Questa medaglia è più bella di quella di Rio?
"Rio è stata la prima, inaspettata, questa più sudata, cercata. La prima è venuta così, questa invece no, non che non ci fosse stato lavoro, però qui era l’obiettivo. La medaglia è bella ma la cosa più unica è averla condivisa. È stato quel qualcosa in più, in tanti volevano essere lì".
Dopo diversi podi, come si alza l’asticella?
"È difficile, quello che mi spinge sono le emozioni, dalla paura, al vuoto e alla gioia. Siamo abituati a sentire le cose intensamente e voglio continuare a vivere di certe sensazioni".

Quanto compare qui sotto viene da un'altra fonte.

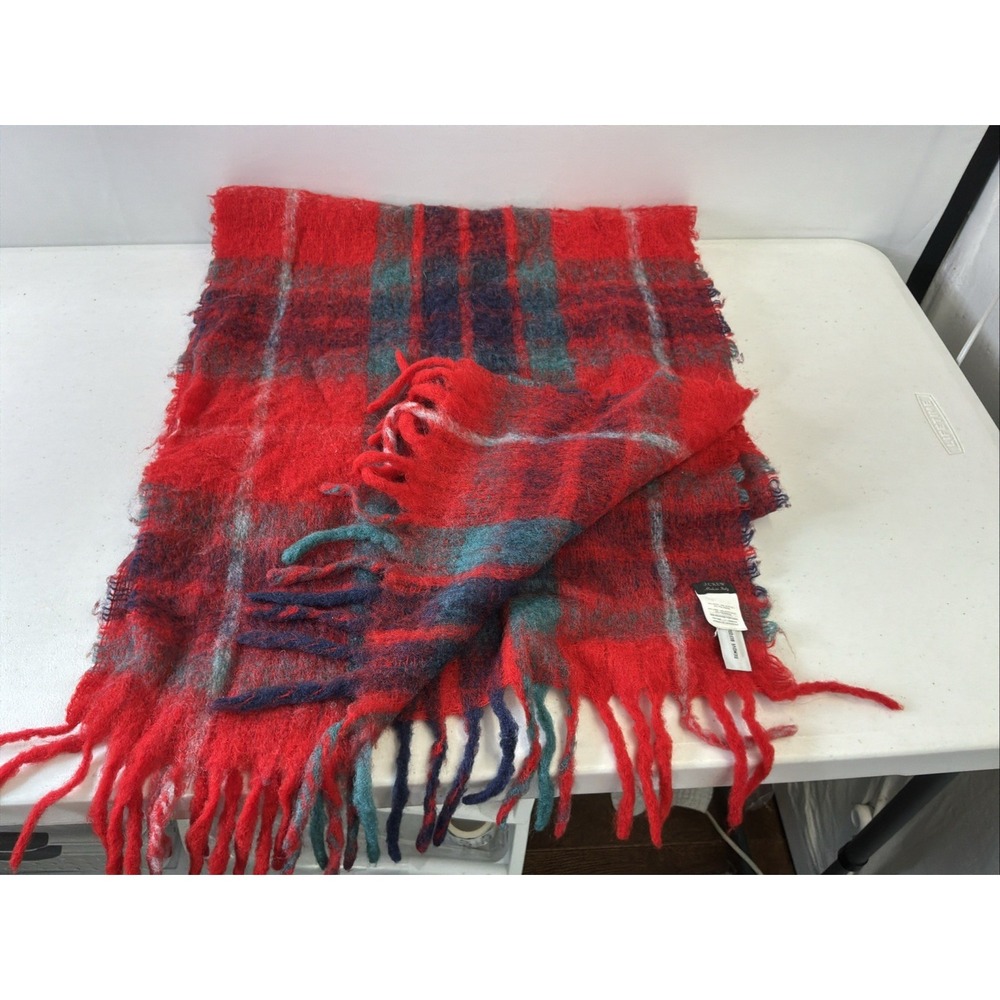 J. Crew 83" x 20"  Red Tartan Plaid Wool Large Scarf Shawl Made In Italy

Ha una laurea in ingegneria biomedica...
"Non voglio buttare via anni di studio, mi piacerebbe unire le due cose. La tecnologia nello sport sta andando avanti e non solo a livello paralimpico. Un domani perché no?".
Pensa di essere un esempio?
"È difficile, ho fatto anche un libro che non volevo scrivere all’inizio: chi sono io per farlo? Cos’ho da raccontare agli altri? Non ho niente da insegnare. Poi mi hanno convinto per raccontare non Giulia, ma la storia, per far conoscere tutto ciò che è dietro: l’incidente, il ritorno a scuola, non facile, il rapporto con le persone. Ci sono ancora tante barriere, sarebbe bello fossimo sempre in piscina. Ci sono pure le barriere mentali con cui si fa sempre fatica ed è per questo che ho scritto un libro: il limite più grosso è la paura dell’ignoto, nel conoscere tutto si possono sciogliere i nodi".